Task goal ▸ Nothing other than the lines from the one containing "Canvas Print - Friends" through the last line of the data below should be output, each reproduced exactly.
------ Provided data
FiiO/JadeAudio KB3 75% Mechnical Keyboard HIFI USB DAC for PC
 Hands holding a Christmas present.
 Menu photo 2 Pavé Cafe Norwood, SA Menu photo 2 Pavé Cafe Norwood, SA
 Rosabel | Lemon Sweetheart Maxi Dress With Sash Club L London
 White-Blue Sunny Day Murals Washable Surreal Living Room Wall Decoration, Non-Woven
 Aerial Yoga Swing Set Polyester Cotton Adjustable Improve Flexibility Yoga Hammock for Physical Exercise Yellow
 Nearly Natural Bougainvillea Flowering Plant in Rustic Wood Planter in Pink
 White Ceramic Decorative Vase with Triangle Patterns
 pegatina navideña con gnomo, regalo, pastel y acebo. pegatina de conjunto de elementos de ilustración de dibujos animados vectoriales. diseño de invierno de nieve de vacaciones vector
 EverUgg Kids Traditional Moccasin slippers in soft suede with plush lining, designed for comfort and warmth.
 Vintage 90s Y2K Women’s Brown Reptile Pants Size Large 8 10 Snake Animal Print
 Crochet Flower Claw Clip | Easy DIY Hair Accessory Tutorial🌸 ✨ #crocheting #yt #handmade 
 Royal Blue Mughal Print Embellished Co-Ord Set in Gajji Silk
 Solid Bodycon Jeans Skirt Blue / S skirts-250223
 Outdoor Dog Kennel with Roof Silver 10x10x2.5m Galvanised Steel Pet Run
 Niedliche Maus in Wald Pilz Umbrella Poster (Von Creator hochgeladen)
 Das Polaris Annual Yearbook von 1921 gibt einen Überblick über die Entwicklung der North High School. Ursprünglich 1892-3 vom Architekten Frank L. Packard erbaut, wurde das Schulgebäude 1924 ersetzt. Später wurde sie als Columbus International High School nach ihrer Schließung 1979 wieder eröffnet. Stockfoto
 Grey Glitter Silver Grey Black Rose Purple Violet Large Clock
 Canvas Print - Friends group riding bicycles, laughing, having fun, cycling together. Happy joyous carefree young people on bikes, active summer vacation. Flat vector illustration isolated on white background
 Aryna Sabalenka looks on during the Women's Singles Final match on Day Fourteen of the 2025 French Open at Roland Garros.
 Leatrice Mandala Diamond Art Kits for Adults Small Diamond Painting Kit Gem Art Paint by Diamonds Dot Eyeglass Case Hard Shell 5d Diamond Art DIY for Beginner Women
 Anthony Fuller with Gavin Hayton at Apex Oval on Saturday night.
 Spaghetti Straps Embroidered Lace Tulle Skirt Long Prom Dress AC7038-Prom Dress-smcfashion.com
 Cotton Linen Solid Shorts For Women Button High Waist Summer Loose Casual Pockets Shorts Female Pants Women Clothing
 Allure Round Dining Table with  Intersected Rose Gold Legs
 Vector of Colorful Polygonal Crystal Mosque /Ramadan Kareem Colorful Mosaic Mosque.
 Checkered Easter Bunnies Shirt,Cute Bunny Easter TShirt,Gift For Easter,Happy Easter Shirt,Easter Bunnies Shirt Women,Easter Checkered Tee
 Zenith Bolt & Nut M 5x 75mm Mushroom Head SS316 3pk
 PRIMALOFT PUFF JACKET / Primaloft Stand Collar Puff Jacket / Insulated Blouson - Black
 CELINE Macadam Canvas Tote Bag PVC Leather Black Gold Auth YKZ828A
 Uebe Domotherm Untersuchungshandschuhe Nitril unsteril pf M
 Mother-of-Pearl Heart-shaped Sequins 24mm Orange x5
------------
Solution for this exercise ▸
 Canvas Print - Friends group riding bicycles, laughing, having fun, cycling together. Happy joyous carefree young people on bikes, active summer vacation. Flat vector illustration isolated on white background
 Aryna Sabalenka looks on during the Women's Singles Final match on Day Fourteen of the 2025 French Open at Roland Garros.
 Leatrice Mandala Diamond Art Kits for Adults Small Diamond Painting Kit Gem Art Paint by Diamonds Dot Eyeglass Case Hard Shell 5d Diamond Art DIY for Beginner Women
 Anthony Fuller with Gavin Hayton at Apex Oval on Saturday night.
 Spaghetti Straps Embroidered Lace Tulle Skirt Long Prom Dress AC7038-Prom Dress-smcfashion.com
 Cotton Linen Solid Shorts For Women Button High Waist Summer Loose Casual Pockets Shorts Female Pants Women Clothing
 Allure Round Dining Table with  Intersected Rose Gold Legs
 Vector of Colorful Polygonal Crystal Mosque /Ramadan Kareem Colorful Mosaic Mosque.
 Checkered Easter Bunnies Shirt,Cute Bunny Easter TShirt,Gift For Easter,Happy Easter Shirt,Easter Bunnies Shirt Women,Easter Checkered Tee
 Zenith Bolt & Nut M 5x 75mm Mushroom Head SS316 3pk
 PRIMALOFT PUFF JACKET / Primaloft Stand Collar Puff Jacket / Insulated Blouson - Black
 CELINE Macadam Canvas Tote Bag PVC Leather Black Gold Auth YKZ828A
 Uebe Domotherm Untersuchungshandschuhe Nitril unsteril pf M
 Mother-of-Pearl Heart-shaped Sequins 24mm Orange x5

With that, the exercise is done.